Your instructions. Look in the data below for the line that has "In this video I'm", then print exactly every line from there through the line that has "The first one", leaving pictures out.

Available records.
--- START ---

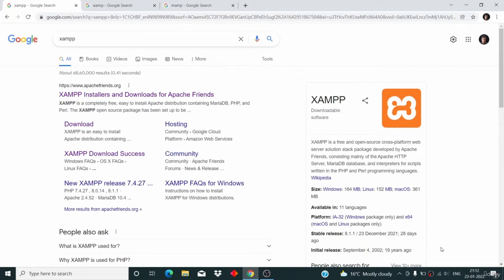WordPress is built using PHP and MySQL — those two components are what we need. To run PHP we need Apache server, and to run MySQL we need MySQL server. So your localhost is just a complete package of all these things: it contains the Apache server to run PHP code and the MySQL server for the database. It's a complete package with everything required to run WordPress.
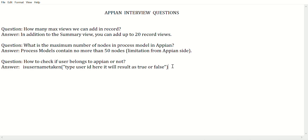You have removed some things, but the running process model still has a value in that removed column. When it tries to write that value into the table, it will say 'column does not exist' and the process will break. The simple answer to avoid this: ask users not to do anything while deployment is in progress.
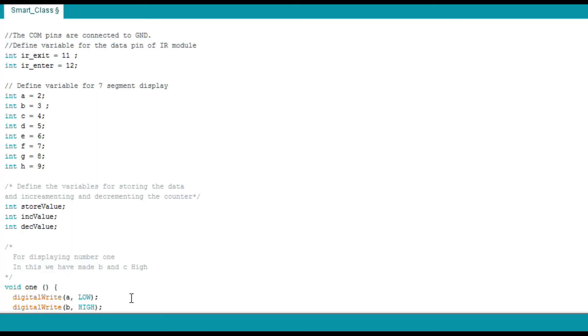So guys, let's begin with the code. Declare the variables used to indicate the Arduino pins to be connected to the pins of the IR module, i.e. the data of the IR module to be given to the Arduino. It is stored in the variables IRExit and IREnter.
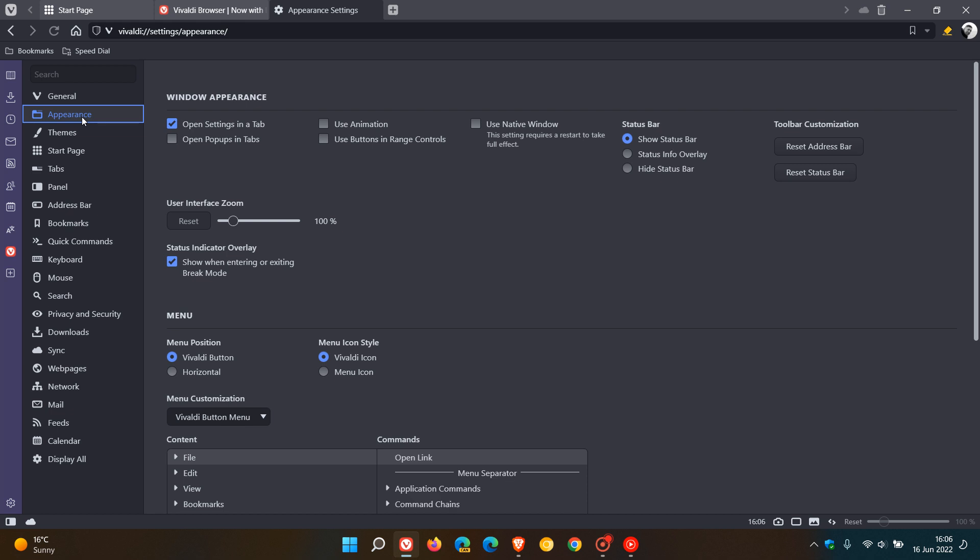If we head to appearance, there is a user interface zoom that will let you zoom in and out of the actual user interface.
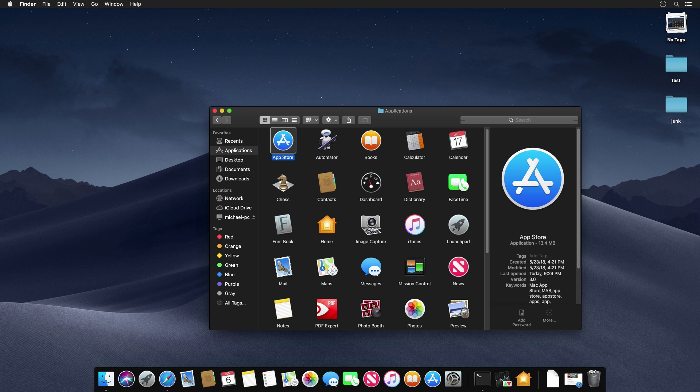That's a first look at macOS Mojave. I wasn't able to demonstrate everything, as I wanted to focus on the major features and improvements coming to the Mac this fall. If you enjoyed this video, give it a thumbs up and subscribe for more videos like this. Thanks so much for watching, and I'll see you in the next video.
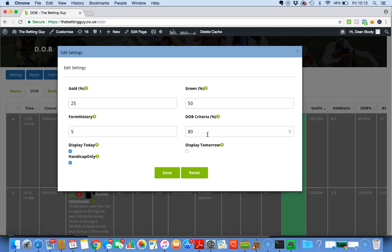And then I look further into how well the horse has done. But you guys might just want to use the settings and the data, and that's absolutely fine. It's individual. I'm trying to get across that it's individual to the user.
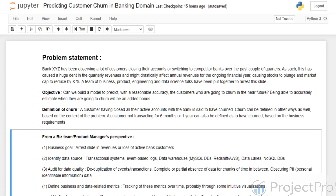After thinking, it was decided that some interventions will be put in place in the future to reduce customers who are churning. But the first thing is to identify such customers, because the company doesn't have unlimited resources to apply interventions to everybody — so the interventions have to be targeted. Hence the question to the data science team is: can we build a model to predict with reasonable accuracy the customers who are going to churn in the near future?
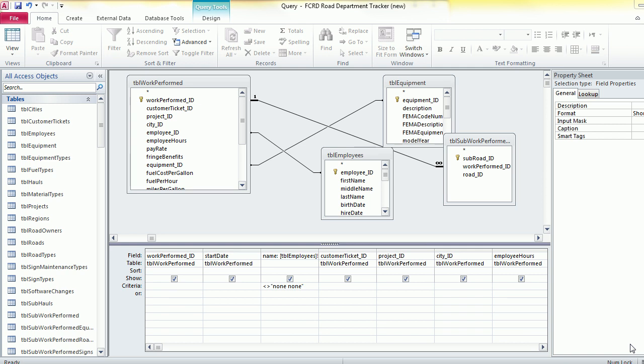In this video I'm going to show you how to create a date parameter in Microsoft Access in a query. So under the date I want to query on, put the parameter in for...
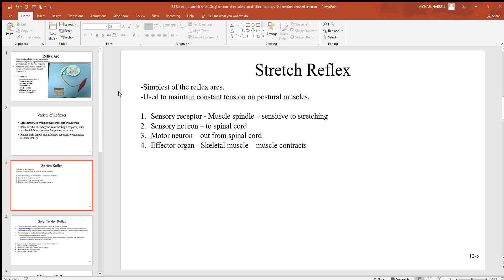The first one is called the stretch reflex. This is the simplest of all our reflex arcs, and notice that this one only has four of the five components. It is used to maintain constant tension on your posture muscles. When you're standing up, you don't have to think about how much tension to put in your neck, the muscles of your back, or your lower limbs — those muscles keep a constant tension due to this stretch reflex arc. The components are: sensory receptor, sensory neuron, motor neuron, and effector organ. There is no interneuron in the stretch reflex.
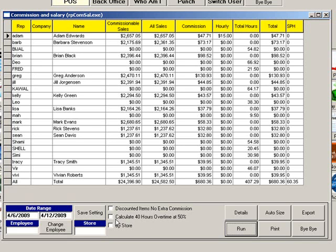If you pay time and a half for all hours over 40, click Calculate 40 hours overtime at 50% before you click Run and the total earnings will include overtime pay.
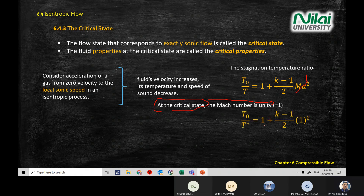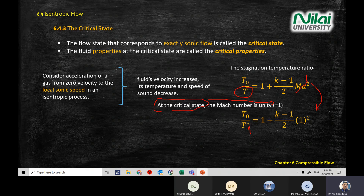The temperature equation T0 divided by T equals one plus K minus one over two times Mach number squared. If you have Mach number equal to one, which is the critical stage, that term becomes one and you get the simple equation T0 divided by T-star equals one plus K minus one divided by two. When you see an isentropic equation with a star symbol, it means you are having a critical state where Mach number equals one.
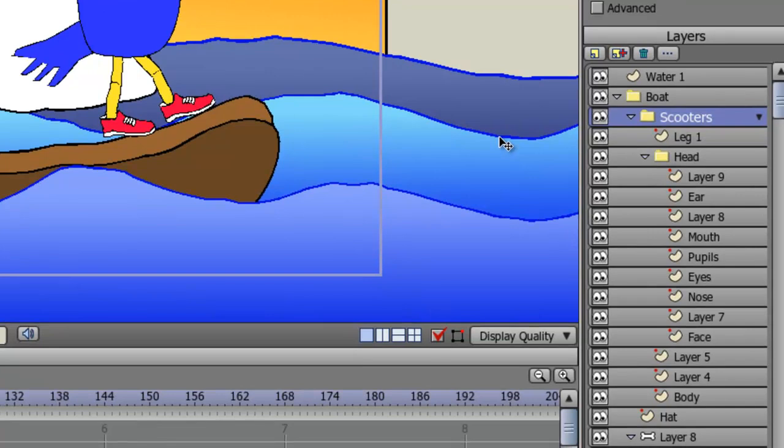As you can see, I have many layers in this project. I have group layers, I have bone layers, I have regular layers, I have switch layers, and so on. When doing these shading effects, you can apply these effects to any of these layers.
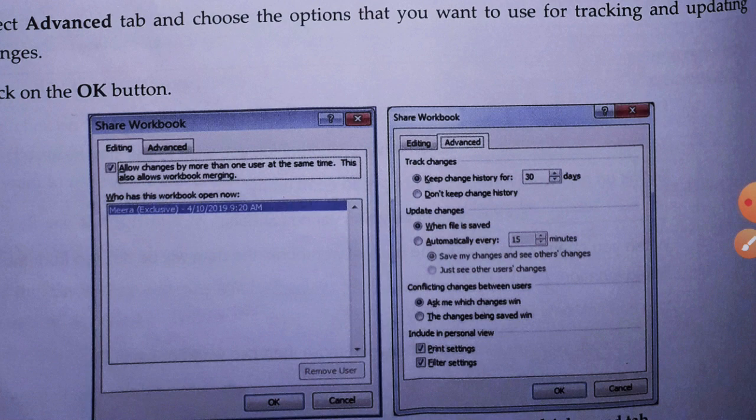When you share your workbook, some features or options will not be available on the other user's workbook, because you are the main person controlling the workbook. That is why some features will disappear in the other user's workbook. Now let's see how we can remove workbook sharing.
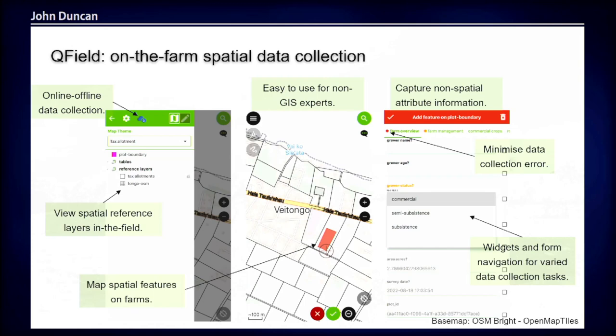Going into detail about the requirements we identified for in-field data collection: the most important was that the app needed to be easy to use for non-GIS experts. QField has a map-first interface, and while some users had been exposed to desktop GIS as students, they hadn't used it since and had trepidation about technical interfaces. We found the map-first QField interface people responded well to, perhaps because they were familiar with Google Maps. There are only a couple of buttons, so once people digitized a feature a couple of times, they learned it quickly and realised that was all there was to it.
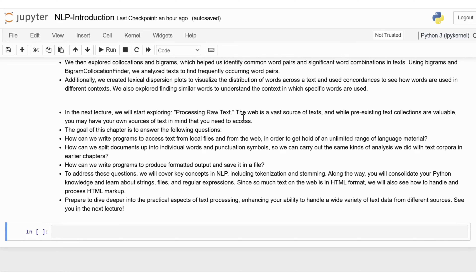In the next lecture, we will start exploring how to process raw text. The goal of that chapter is to answer: How can we write programs to access text from local files and from the web to get an unlimited range of language material? How can we split documents up into individual words and punctuation symbols to carry out the same kinds of analysis we did with text corpora? How can we write programs to produce formatted output and save it in a file? To address these questions, we will cover key concepts including tokenization and stemming, strings, files, and regular expressions. We will also see how to handle and process HTML markup, since much text on the web is in HTML format.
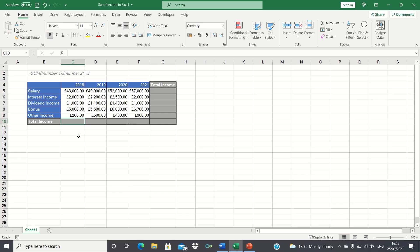In this video I'll show you how to find the total of columns and rows in Excel. In our example we have a person's different types of income for the years 2018 to 2021 and want to find the total income each year as well as the total of each individual type of income over time.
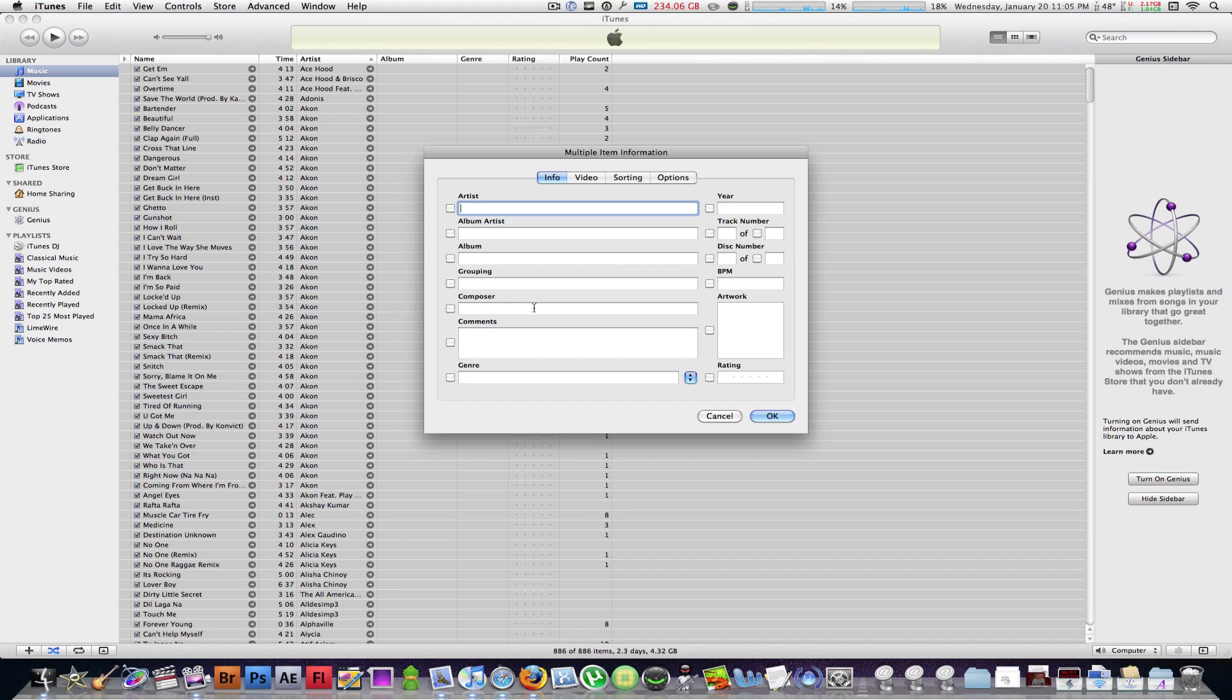Or any of this extra stuff like album artists or grouping, composer, comments, and things like that. If you don't want it there, you can get rid of it by doing this. And of course, if you want to keep the album, you can. It's all up to you.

--- END ---

Result.
In this video I'm going to show you how to create a date parameter in Microsoft Access in a query. So under the date I want to query on, put the parameter in for...
The first one is called the stretch reflex. This is the simplest of all our reflex arcs, and notice that this one only has four of the five components. It is used to maintain constant tension on your posture muscles. When you're standing up, you don't have to think about how much tension to put in your neck, the muscles of your back, or your lower limbs — those muscles keep a constant tension due to this stretch reflex arc. The components are: sensory receptor, sensory neuron, motor neuron, and effector organ. There is no interneuron in the stretch reflex.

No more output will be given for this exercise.